■ **REQUIREMENT**: The response should consist of the data below, copied exactly, with no pictures in it.

Stored dataset items:
[Start of Attachment]

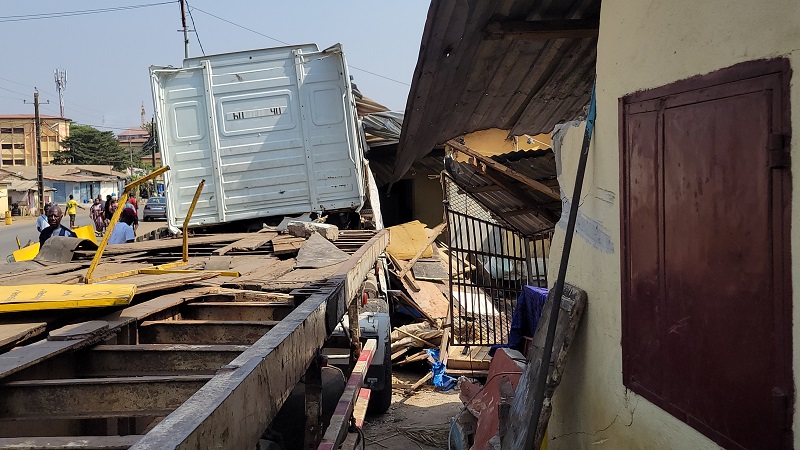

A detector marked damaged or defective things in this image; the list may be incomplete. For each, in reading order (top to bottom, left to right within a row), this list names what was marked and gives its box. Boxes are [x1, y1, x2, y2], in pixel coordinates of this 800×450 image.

rusty metal roof sheet [396, 0, 600, 183]
broken wooden board [212, 232, 278, 256]
broken wooden board [270, 234, 304, 255]
broken wooden board [296, 232, 348, 268]
broken wooden board [219, 256, 296, 292]
broken wooden board [412, 258, 450, 280]
broken wooden board [0, 322, 47, 350]
broken wooden board [444, 346, 494, 370]
broken wooden board [506, 284, 588, 450]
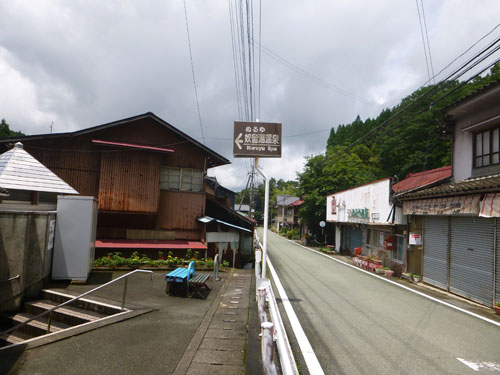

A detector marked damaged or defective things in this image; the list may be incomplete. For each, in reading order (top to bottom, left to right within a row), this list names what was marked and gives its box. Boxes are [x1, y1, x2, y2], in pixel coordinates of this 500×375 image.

rusty metal roof [0, 141, 78, 194]
rusty metal roof [396, 173, 500, 201]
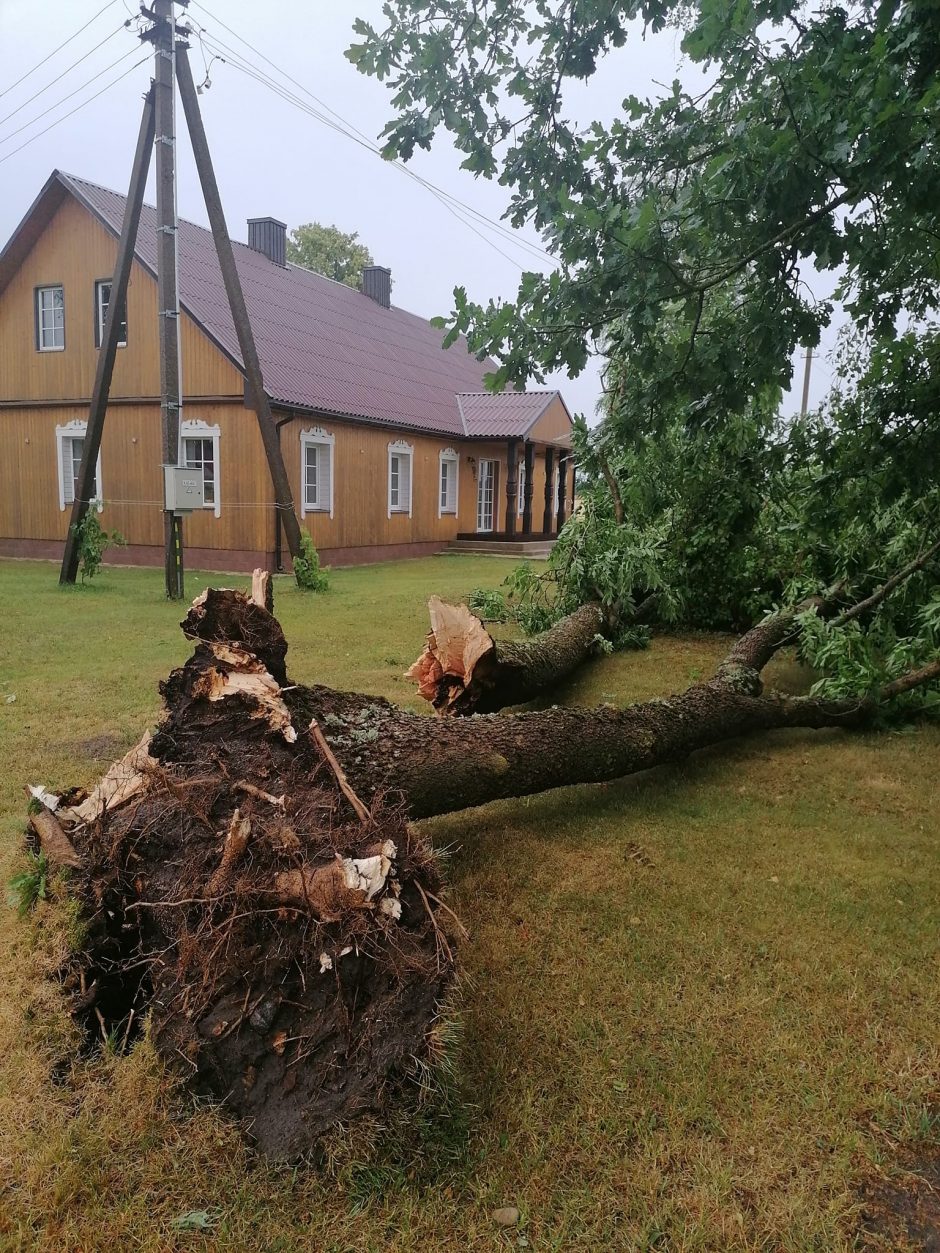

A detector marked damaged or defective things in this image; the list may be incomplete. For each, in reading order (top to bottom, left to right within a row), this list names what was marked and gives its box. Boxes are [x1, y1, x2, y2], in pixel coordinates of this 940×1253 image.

splintered wood [406, 598, 496, 711]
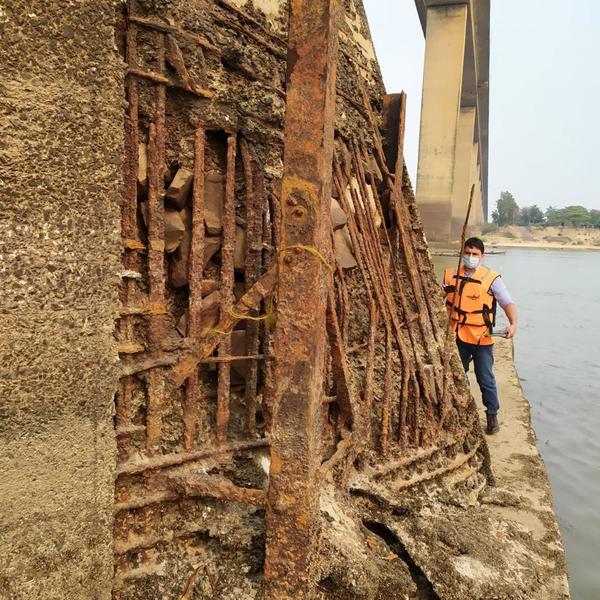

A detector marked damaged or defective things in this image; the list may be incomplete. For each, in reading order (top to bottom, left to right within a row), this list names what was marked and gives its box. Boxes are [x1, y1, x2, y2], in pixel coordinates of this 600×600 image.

rusty steel bar [144, 125, 165, 454]
rusty steel bar [183, 130, 206, 450]
rusty steel bar [214, 135, 236, 446]
rusty steel bar [240, 138, 262, 434]
rusty i-beam [264, 2, 342, 596]
rusty steel bar [264, 2, 342, 596]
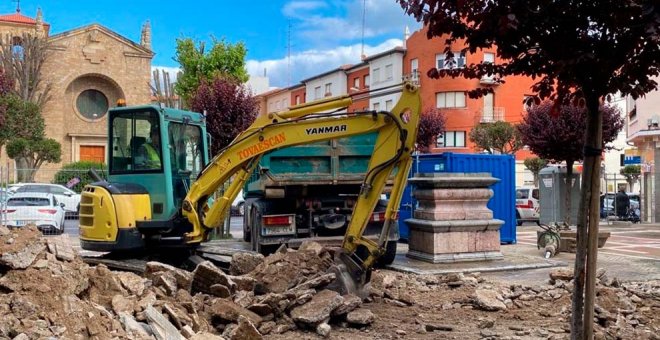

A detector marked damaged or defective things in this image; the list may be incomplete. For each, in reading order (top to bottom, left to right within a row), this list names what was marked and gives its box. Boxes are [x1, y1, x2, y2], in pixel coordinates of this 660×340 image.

broken concrete chunk [229, 252, 266, 276]
broken concrete chunk [228, 314, 262, 340]
broken concrete chunk [292, 288, 342, 326]
broken concrete chunk [342, 310, 374, 326]
broken concrete chunk [476, 290, 508, 310]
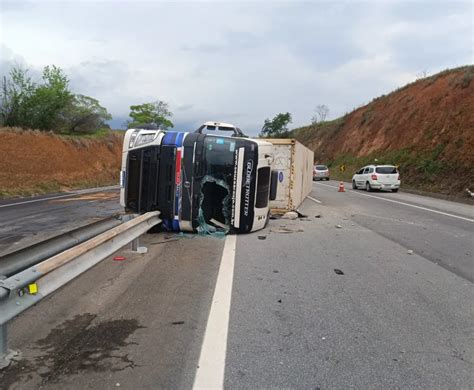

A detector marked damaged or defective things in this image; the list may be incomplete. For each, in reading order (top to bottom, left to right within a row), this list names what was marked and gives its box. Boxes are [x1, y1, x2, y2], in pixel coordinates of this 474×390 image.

overturned truck [120, 122, 282, 233]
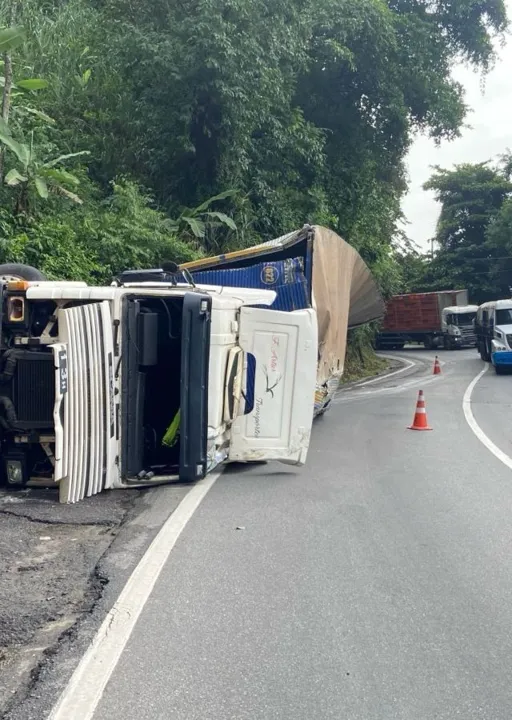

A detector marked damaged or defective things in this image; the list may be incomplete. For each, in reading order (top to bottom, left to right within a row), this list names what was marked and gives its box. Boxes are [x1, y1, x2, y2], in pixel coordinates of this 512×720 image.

overturned white truck [0, 224, 384, 500]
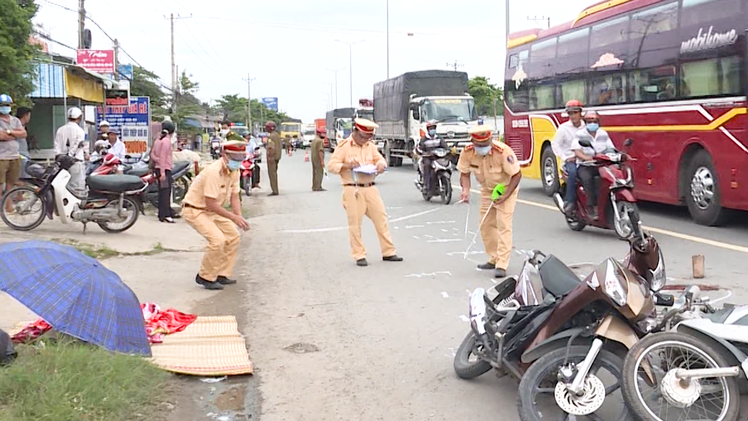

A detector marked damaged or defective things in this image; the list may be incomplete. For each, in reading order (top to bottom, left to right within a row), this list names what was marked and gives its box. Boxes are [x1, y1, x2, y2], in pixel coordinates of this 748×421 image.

crashed motorcycle [0, 154, 145, 233]
crashed motorcycle [414, 147, 456, 204]
crashed motorcycle [552, 139, 640, 240]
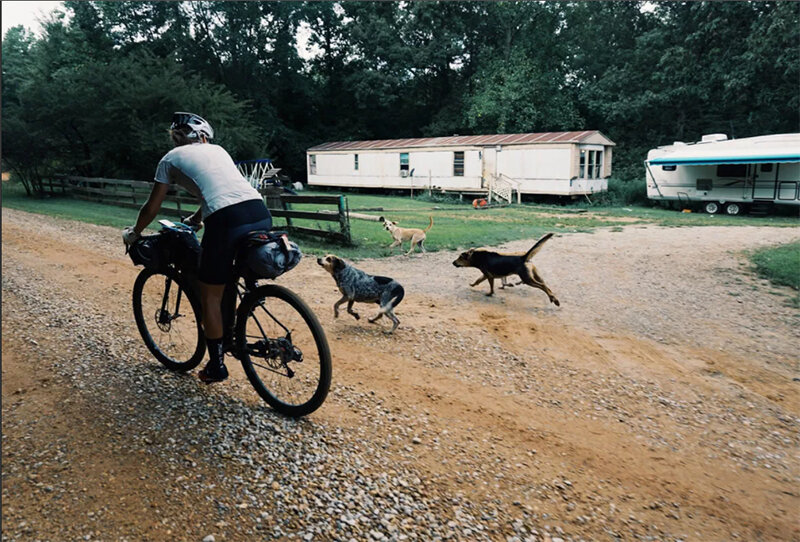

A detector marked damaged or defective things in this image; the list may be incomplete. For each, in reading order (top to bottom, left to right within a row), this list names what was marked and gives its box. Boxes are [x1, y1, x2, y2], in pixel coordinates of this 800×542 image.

rusty metal roof [308, 133, 612, 154]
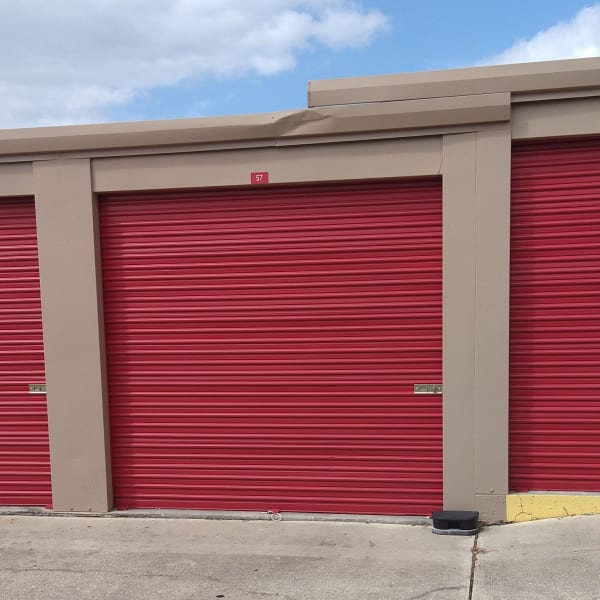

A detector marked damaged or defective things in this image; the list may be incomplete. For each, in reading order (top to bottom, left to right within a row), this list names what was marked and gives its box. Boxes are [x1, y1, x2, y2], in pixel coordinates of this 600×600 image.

cracked concrete pavement [0, 512, 596, 596]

[End of Attachment]

■ **COMPLETED TASK**:
A detector marked damaged or defective things in this image; the list may be incomplete. For each, in reading order (top to bottom, left to right within a row), this list names what was marked and gives its box. Boxes are [x1, y1, x2, y2], in pixel coordinates of this 800×450 image.

rusty metal roof sheet [396, 0, 600, 183]
broken wooden board [212, 232, 278, 256]
broken wooden board [270, 234, 304, 255]
broken wooden board [296, 232, 348, 268]
broken wooden board [219, 256, 296, 292]
broken wooden board [412, 258, 450, 280]
broken wooden board [0, 322, 47, 350]
broken wooden board [444, 346, 494, 370]
broken wooden board [506, 284, 588, 450]

A detector marked damaged or defective things in this image; the list may be incomplete. For each, in reading order (top to bottom, left to right within a row), this list names what was marked and gives its box. Boxes are [x1, y1, x2, y2], in pixel coordinates of this 500×375 image.

rusty metal roof [0, 141, 78, 194]
rusty metal roof [396, 173, 500, 201]

A detector marked damaged or defective things in this image; the list may be incomplete. For each, in reading order (top to bottom, left to right within a row), this list names what was marked and gives its box. Boxes are [x1, y1, x2, y2], in pixel coordinates of this 940×1253 image.

splintered wood [406, 598, 496, 711]

A detector marked damaged or defective things in this image; the list may be incomplete. For each, in reading order (top to bottom, left to right within a row), this list names what was marked and gives its box. Boxes are [x1, y1, x2, y2], in pixel coordinates of this 600×600 image.

rusty steel bar [144, 125, 165, 454]
rusty steel bar [183, 130, 206, 450]
rusty steel bar [214, 135, 236, 446]
rusty steel bar [240, 138, 262, 434]
rusty i-beam [264, 2, 342, 596]
rusty steel bar [264, 2, 342, 596]

A detector marked damaged or defective things in this image; the list may be incomplete. For each, in reading order (top to bottom, left to right within a row), this list names what was marked and gives its box. Boxes are [x1, y1, x2, y2], in pixel coordinates of this 660×340 image.

broken concrete chunk [229, 252, 266, 276]
broken concrete chunk [228, 314, 262, 340]
broken concrete chunk [292, 288, 342, 326]
broken concrete chunk [342, 310, 374, 326]
broken concrete chunk [476, 290, 508, 310]

A detector marked damaged or defective things in this image; the list may be incomplete. For each, in reading order (top to bottom, left to right within a row), this list names what was marked and gives its box. Boxes are [x1, y1, x2, y2], in pixel coordinates of this 474×390 image.

overturned truck [120, 122, 282, 233]

A detector marked damaged or defective things in this image; the list may be incomplete. For each, in reading order (top to bottom, left to right within a row), this list names what was marked and gives its box. Boxes are [x1, y1, x2, y2], in pixel coordinates of this 512×720 image.

overturned white truck [0, 224, 384, 500]

A detector marked damaged or defective things in this image; the list may be incomplete. For each, in reading order (top to bottom, left to right within a row), this list names what was marked and gives its box. Boxes are [x1, y1, x2, y2], in pixel coordinates of this 748×421 image.

crashed motorcycle [0, 154, 145, 233]
crashed motorcycle [414, 147, 456, 204]
crashed motorcycle [552, 139, 640, 240]

A detector marked damaged or defective things in this image; the list may be incomplete. For each, in reading order (top to bottom, left to right within a row), this list names what was marked and gives its box. Boxes are [x1, y1, x2, y2], in pixel coordinates of this 800×542 image.

rusty metal roof [308, 133, 612, 154]

A detector marked damaged or defective things in this image; the list may be incomplete. For each, in reading order (top to bottom, left to right within a row), this list names what was marked and gives its box. Boxes are [x1, y1, x2, y2], in pixel coordinates of this 600×600 image.

cracked concrete pavement [0, 512, 596, 596]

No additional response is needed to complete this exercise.